Verde, hi-tech e interattiva è la cabina telefonica 2.0
Sarà hi-tech, multimediale, green, intelligente, connessa, 2.0, interattiva. Prendete a caso un aggettivo che contenga un’idea di futuro e le starà bene. Perché nella nuova super cabina telefonica che Telecom inaugurerà a Torino il 2 aprile si potrà navigare su Internet, inviare email, ricaricare il cellulare e l’auto elettrica, inserire un annuncio di affitto, fare un tour virtuale della città . Volendo, anche telefonare. L’ultima metamorfosi della cabina pubblica è anche quella che potrebbe strapparla a un destino di sicura rottamazione, ridotta com’è oggi a semplice arredo urbano. Poco utilizzata, preda di vandali e senzatetto, dimenticata.
Sarà Torino a rilanciarla, dunque. Il prototipo di ultima generazione, una struttura ad arco aperta su due lati e pannelli fotovoltaici sul tetto che occuperà più o meno lo stesso spazio di una vecchia, sarà installata davanti al Politecnico, nel piazzale Duca D’Aosta. In pratica è un ricettacolo di tecnologia sorto attorno a una cornetta. Ha due monitor touch screen. Uno è esterno, servirà da spazio pubblicitario e da punto informativo gratuito per i turisti. Su quello interno si accede, a pagamento, a diversi servizi. Navigare con la banda larga, mandare email e sms, leggere i giornali elettronici. Non solo. La cabina è anche un punto wi-fi e ha i cavi per ricaricare la bici o l’auto elettrica. E, soprattutto, può essere personalizzata con applicazioni a seconda del luogo dove è posta.
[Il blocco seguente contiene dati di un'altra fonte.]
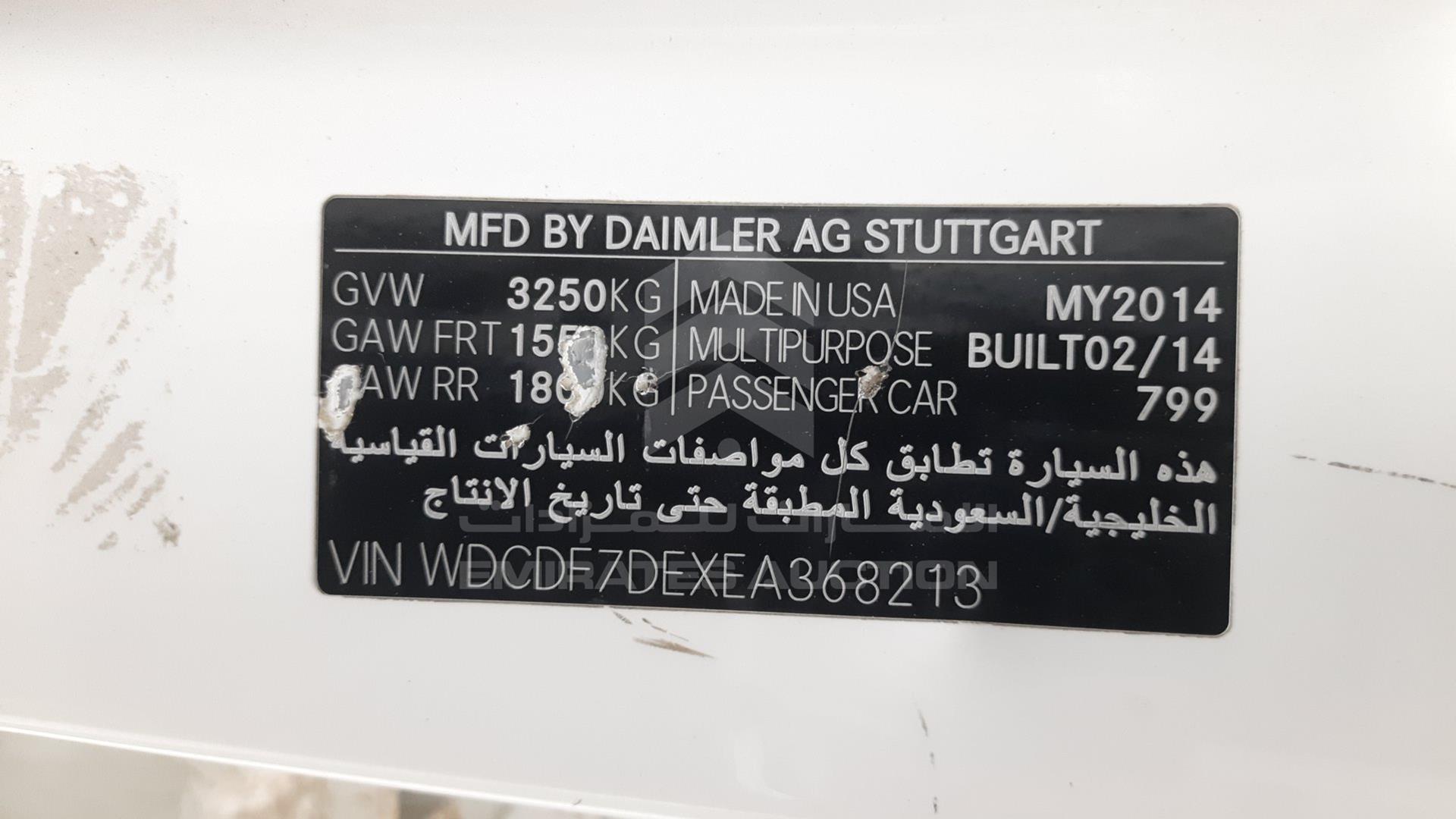 2014 MERCEDES GL 500 VIN: WDCDF7DEXEA368213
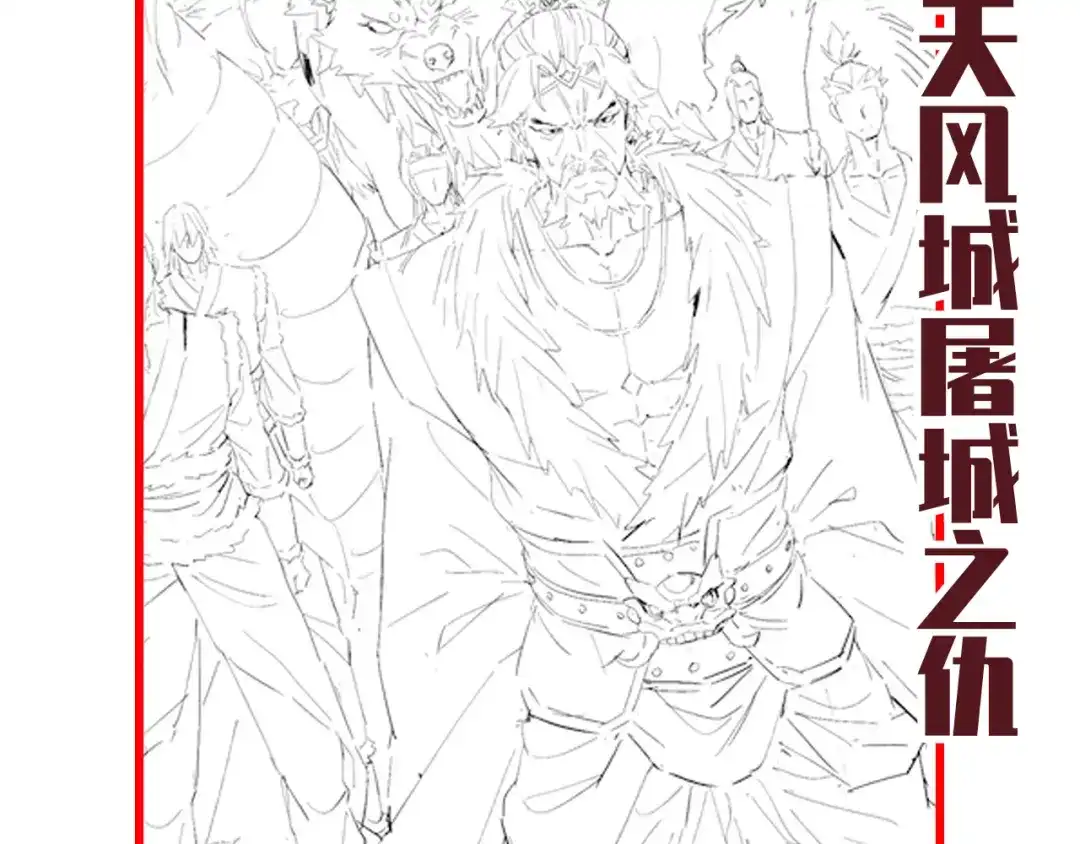 开局震惊女帝老婆，我无敌了 第97话 狮王传承 第192页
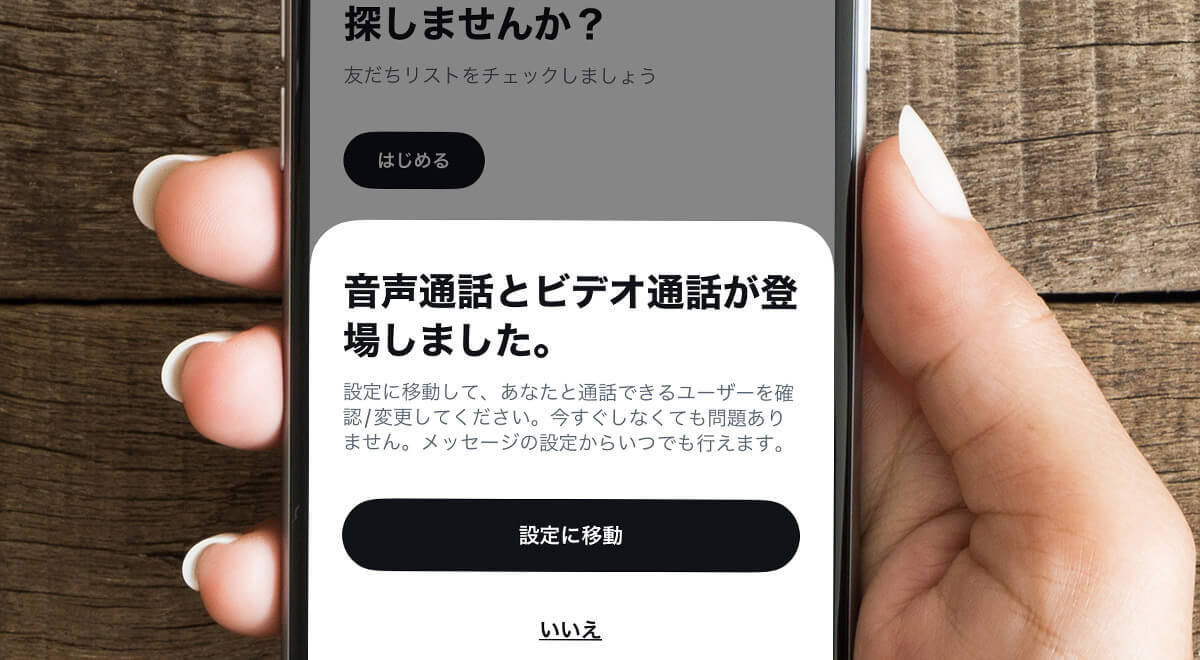 X（旧Twitter）に音声およびビデオ通話機能が追加、発信方法や利用できるユーザーは？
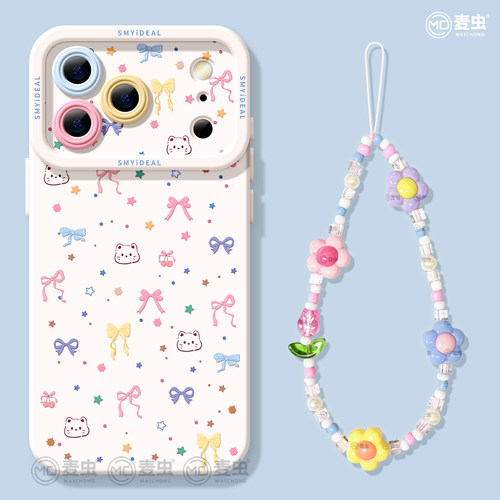 ★防摔耐磨★加购物车送同款壁纸★全包边★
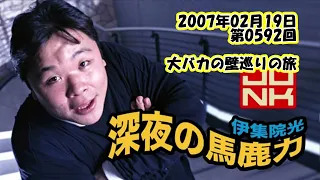 伊集院光 深夜の馬鹿力 2007年02月19日 第0592回 大バカの壁巡りの旅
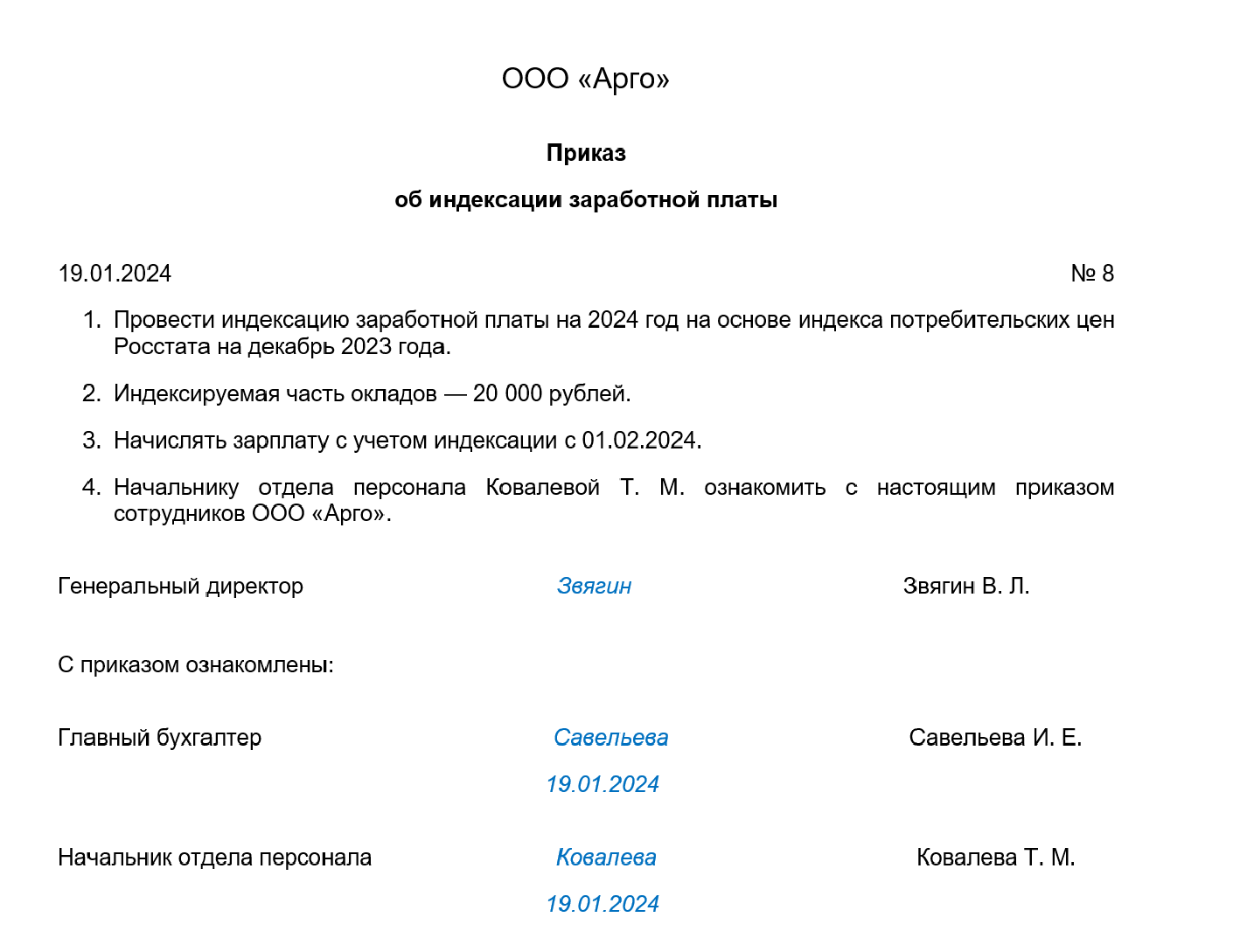 Как будут начислять зарплаты бюджетникам в 2024 году - парламентская газета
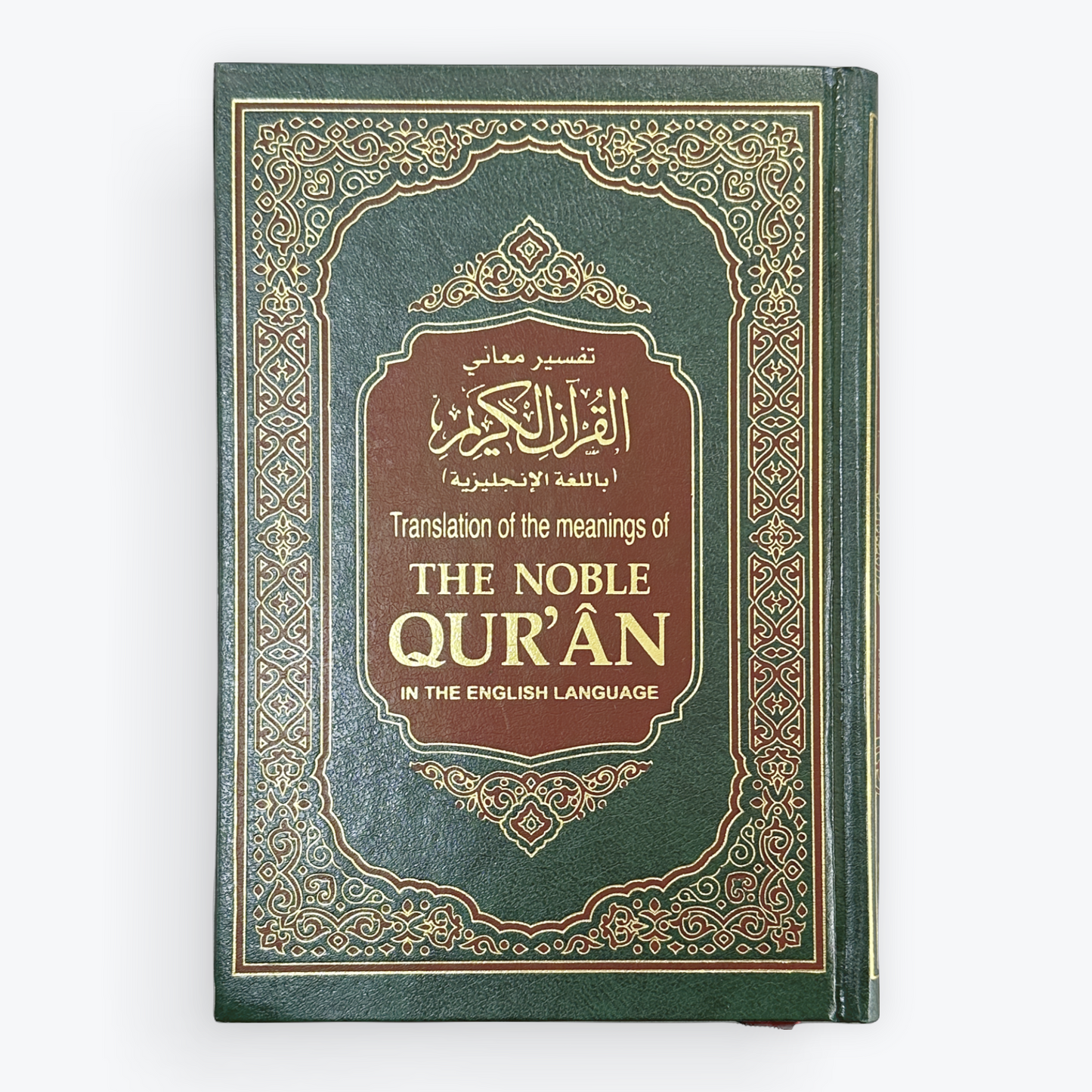 Colourful Cover Quran with English Translation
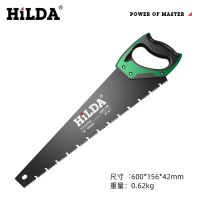 [COD] HiLDA/Hilda Hand Saw Woodworking Logging Manganese Hacksaw Wrench Garden Branch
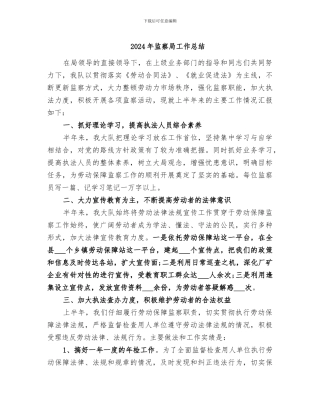 2024年监察局工作总结
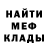 МЕТАДОН мёд Anapau RS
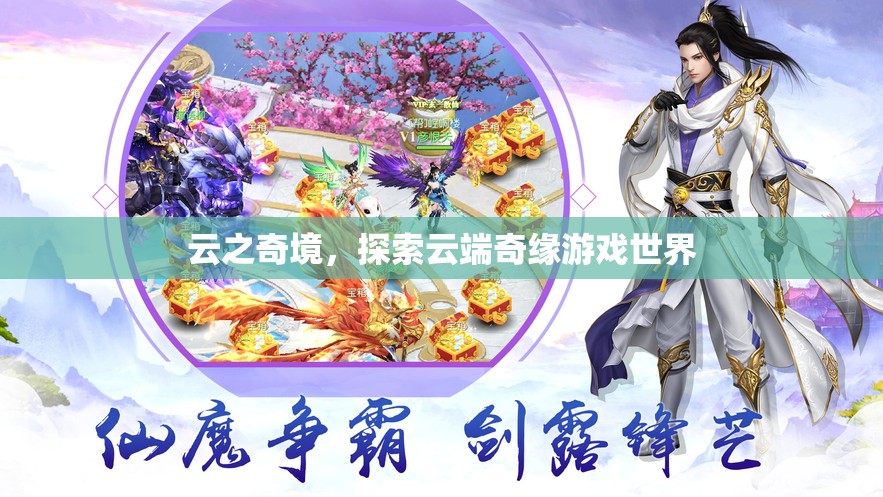 云端奇緣，探索云之奇境的奇幻之旅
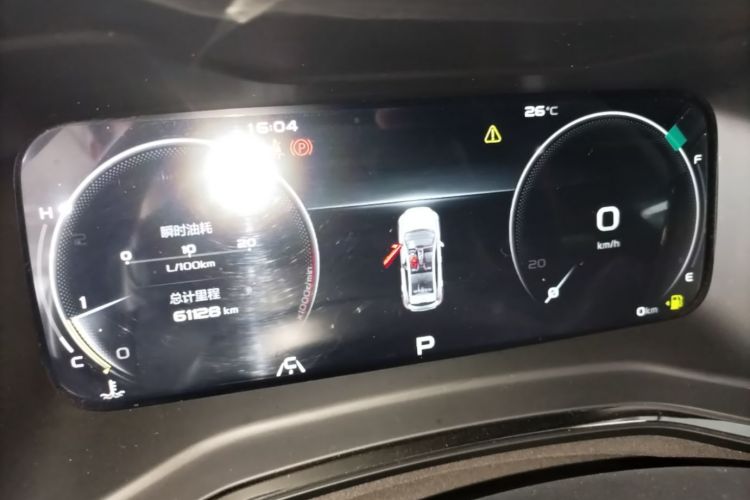 GEELY Emgrand S 2021 #12 GEELY Emgrand S 2021 image de voiture #12
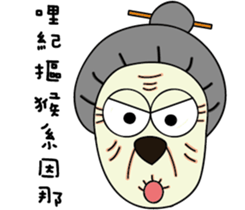 Adant and her dog's daily life 4 sticker #14413372
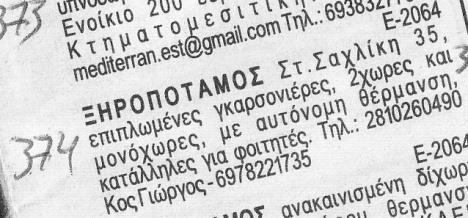 χρησιμοποιήσουμε τους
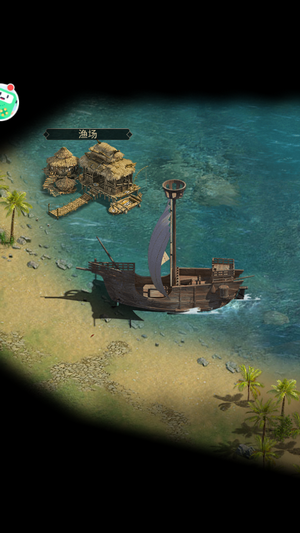 罗马：亚洲王朝游戏下载-罗马：亚洲王朝最新版手游 1.4.5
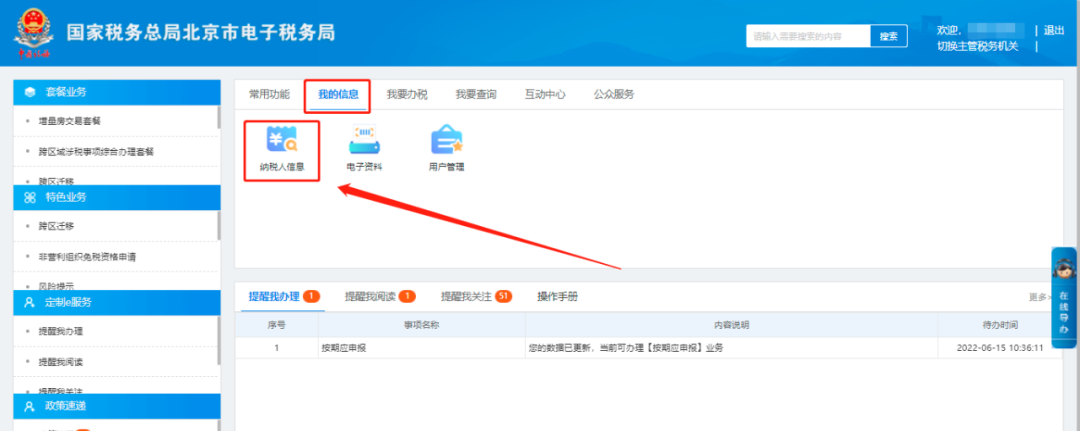 我的信息—纳税人信息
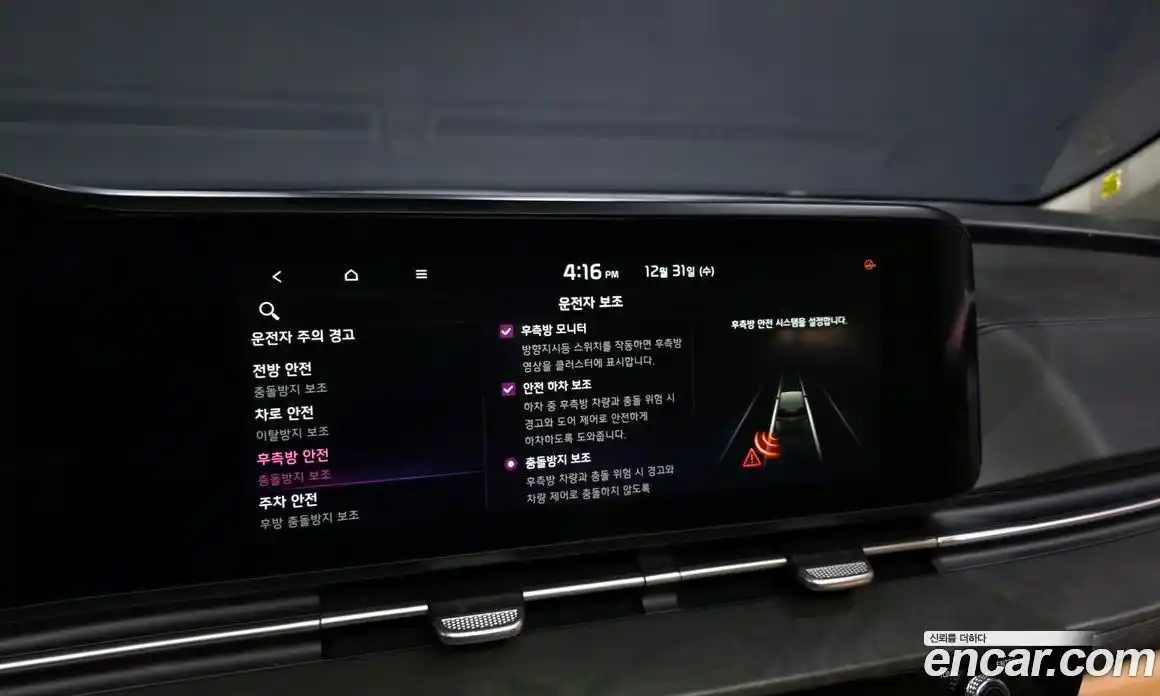 Kia Canival 2023 3.5 Автомат в Москве № 124432, фото 16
Dall’università lì davanti, infatti, è arrivata l’idea, discussa in rete sul portale torinosmartcity.csi.it, di trasferirvi la bacheca degli annunci degli studenti. Affitti, scambio libri, ripetizioni e altro, saranno inseriti e consultati anche da lì. «È un primo passo verso l’idea della città del futuro a cui stiamo puntando – spiega Enzo Lavolta, assessore all’Innovazione di Torino – nel territorio comunale abbiamo 700 telefoni pubblici, la maggior parte è messo male, alcuni raccolgono ancora 1800 euro all’anno. Da qui l’idea di rilanciare le cabine, accolta e realizzata da Telecom e dalla società Ubi Connected». Tanta tecnologia all’aria aperta sarà protetta da microcamere interne ed esterne, che registrano immagini h24 e fungono quindi da presidio per la zona circostante. Tant’è che i video potranno essere visionati dalla polizia. Ma quante ne vedremo, di queste super cabine?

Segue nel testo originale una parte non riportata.